L’Amérique centrale, zone de production caféière de la variété arabica, se trouve confrontée à une grave épidémie de rouille de café, un parasite destructeur qui a déjà contaminé plus d’un tiers des caféiers, faisant craindre aux producteurs une récolte catastrophique à la fin de l’année.
Ce champignon, qui doit son nom à la
couleur qu’il donne aux feuilles, touche aujourd’hui 35% des 958 000 hectares de plans de café cultivés dans la région, selon des sources du secteur consultées par l’AFP. La perte totale nette à prévoir en Amérique centrale est déjà estimée à deux millions de sacs de 46 kilos pour la campagne caféière, qui court d’octobre 2012 à septembre 2013, représentant
300 millions de dollars de manque à gagner au cours actuel.

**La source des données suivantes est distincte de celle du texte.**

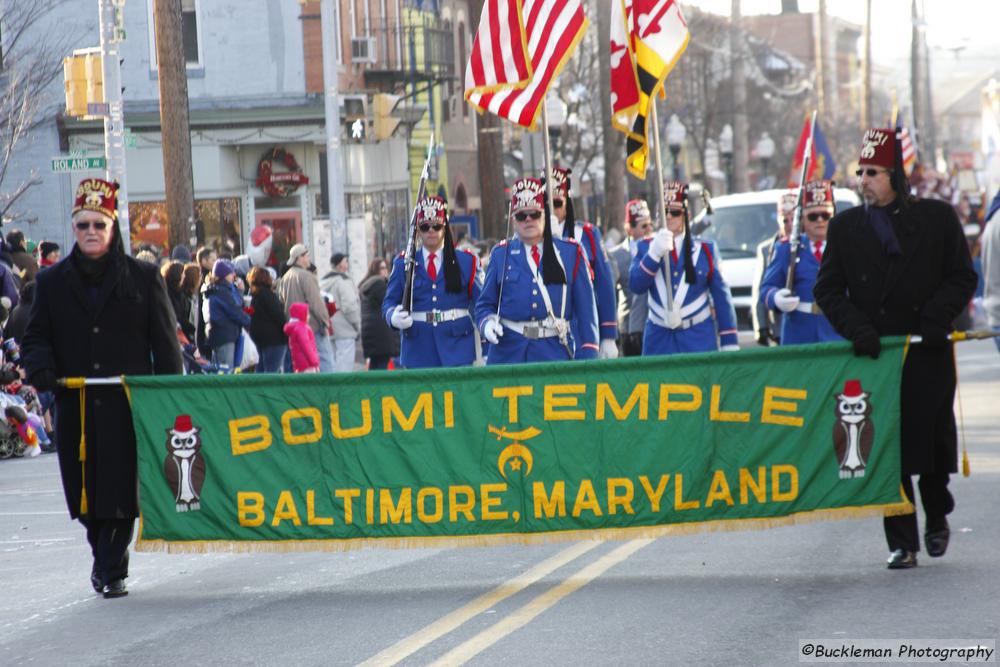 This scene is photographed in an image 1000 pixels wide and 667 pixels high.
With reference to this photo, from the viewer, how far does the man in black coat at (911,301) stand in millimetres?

«La situation est grave» et «si des mesures ne sont pas prises cela va empirer», prévient Jose Buitrago, président de l’Association des exportateurs de café du Nicaragua, un des pays les plus touchés par le «hemileia vastatrix», qui décolore et dévore lentement des feuilles du caféier. Au Honduras, Guatemala, Nicaragua, Salvador, Costa Rica et Panama, l’industrie du café emploie plus d’un
million et demi de personnes et fait indirectement vivre des centaines de milliers d’autres, notamment au moment des récoltes, dans une région en proie à une importante pauvreté.

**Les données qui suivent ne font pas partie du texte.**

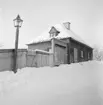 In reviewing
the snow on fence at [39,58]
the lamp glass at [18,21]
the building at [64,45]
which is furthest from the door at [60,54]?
the lamp glass at [18,21]

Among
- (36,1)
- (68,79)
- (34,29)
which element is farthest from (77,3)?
(68,79)

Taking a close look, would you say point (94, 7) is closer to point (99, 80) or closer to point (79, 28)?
point (79, 28)

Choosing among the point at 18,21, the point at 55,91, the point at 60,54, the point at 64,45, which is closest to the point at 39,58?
the point at 60,54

C’est au mois de septembre 2012 que le champignon a commencé à se propager, principalement à cause de l’absence de prévention, mais aussi du fait de la chaleur et de la sécheresse provoquées par le réchauffement climatique qui frappe la région, expliquent experts et acteurs du secteur.
Si le parasite affecte l’ensemble de l’Amérique centrale, le Honduras (1er exportateur régional avec 7,2 millions de sacs de 46 kilos) et le Nicaragua (3e) sont les plus pénalisés car le café constitue leur premier revenu à l’exportation.
Considéré comme le pays le plus performant de la région du fait d’un fort niveau de productivité, le Honduras a déjà vu 10% de ses 280 000 hectares cultivés dévastés par le parasite, selon le responsable de l’Institut hondurien du café Victor Molina. Au Nicaragua, près d’un tiers des 128 000 hectares de caféiers sont aujourd’hui touchés, plaçant quelque 35 000 planteurs dans une posture délicate, selon les autorités. Mais c’est au Guatemala que la progression de la rouille est la plus avancée, avec 67% des 274 000 hectares plantés déjà contaminés. Cette avancée alarmante pourrait mettre en péril quelque 200 000 emplois, selon l’Association nationale du café (Anacafé).
Au Salvador voisin, le représentant des exportateurs, Marcelino Samayoa estime que le champignon pourrait détruire 30% des 161 000 hectares plantés.
Plus au sud, au Costa Rica, le gouvernement a décrété l’urgence phytosanitaire pour accélérer le remplacement des caféiers. «Les producteurs ont baissé la garde (...) plus de 250 000» sacs pourraient être perdus, a prévenu le vice-ministre de l’Agriculture, Xinia Chaves.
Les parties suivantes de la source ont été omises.